Exercise prompt: Set the listing down again exactly, please, apart from its pictures.

[[ Source data open ]]

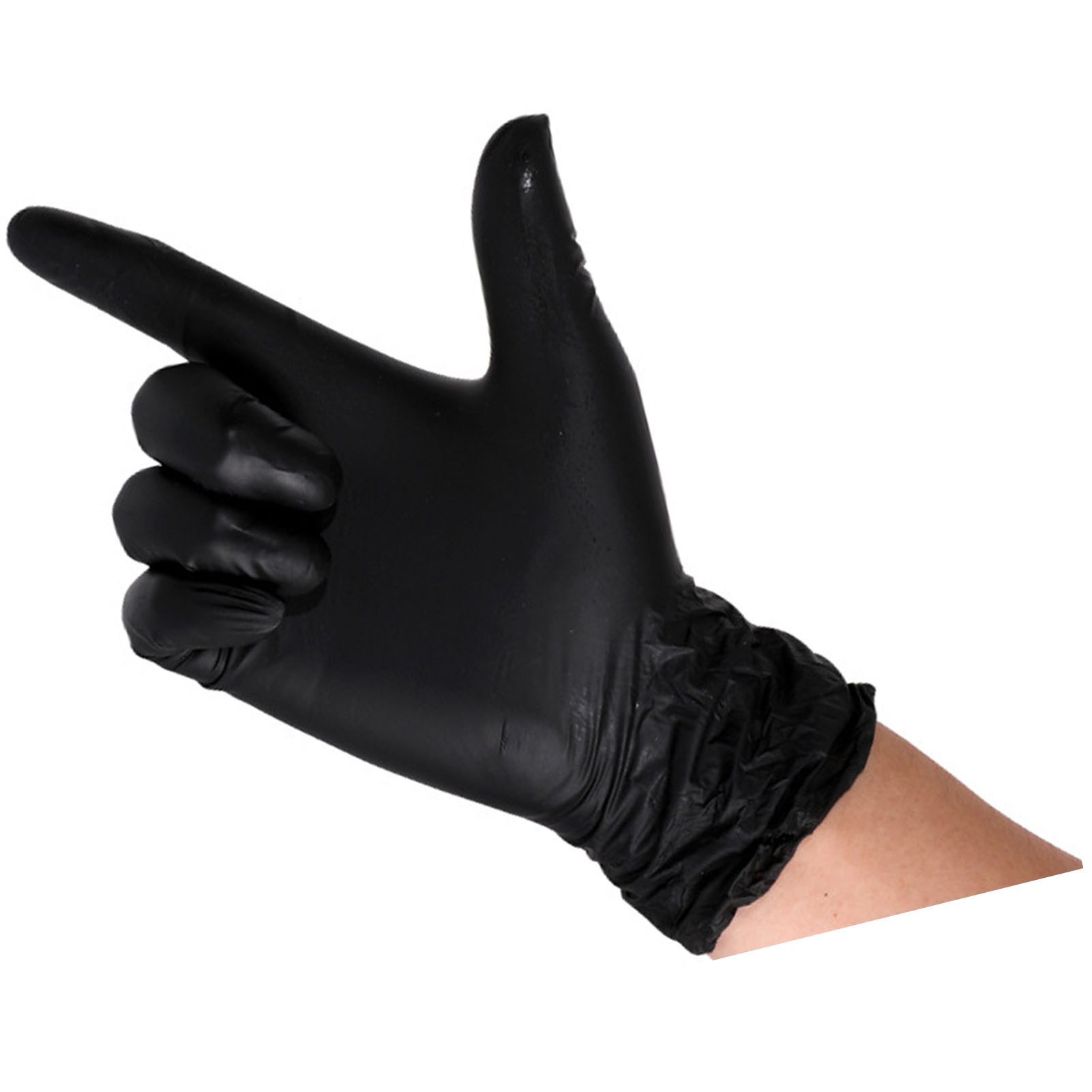100 Hochelastische, Lebensmittelechte Pvc-handschuhe, Schutzhandschuhe Für Reinigung Und Gastronomie, Schwarz, Größe L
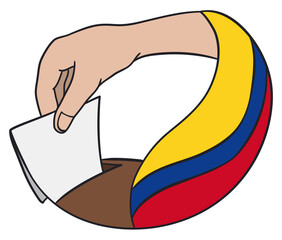 Hand depositing a vote in a urn with Colombia's flag, Vector illustration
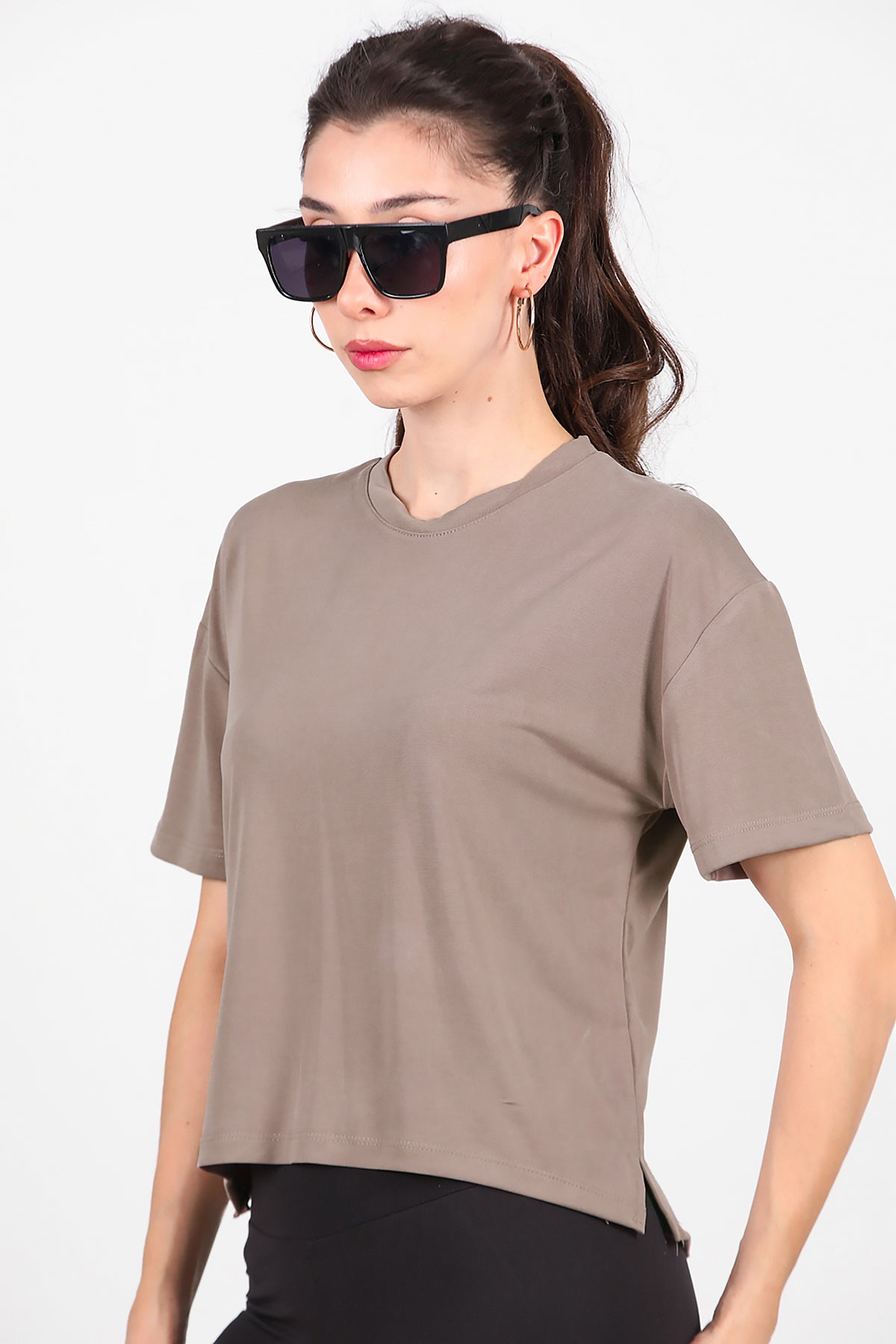 Kadın Önü Kısa Arkası Uzun T-Shirt Vizon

[[ Source data closed ]]

Expected answer:
100 Hochelastische, Lebensmittelechte Pvc-handschuhe, Schutzhandschuhe Für Reinigung Und Gastronomie, Schwarz, Größe L
 Hand depositing a vote in a urn with Colombia's flag, Vector illustration
 Kadın Önü Kısa Arkası Uzun T-Shirt Vizon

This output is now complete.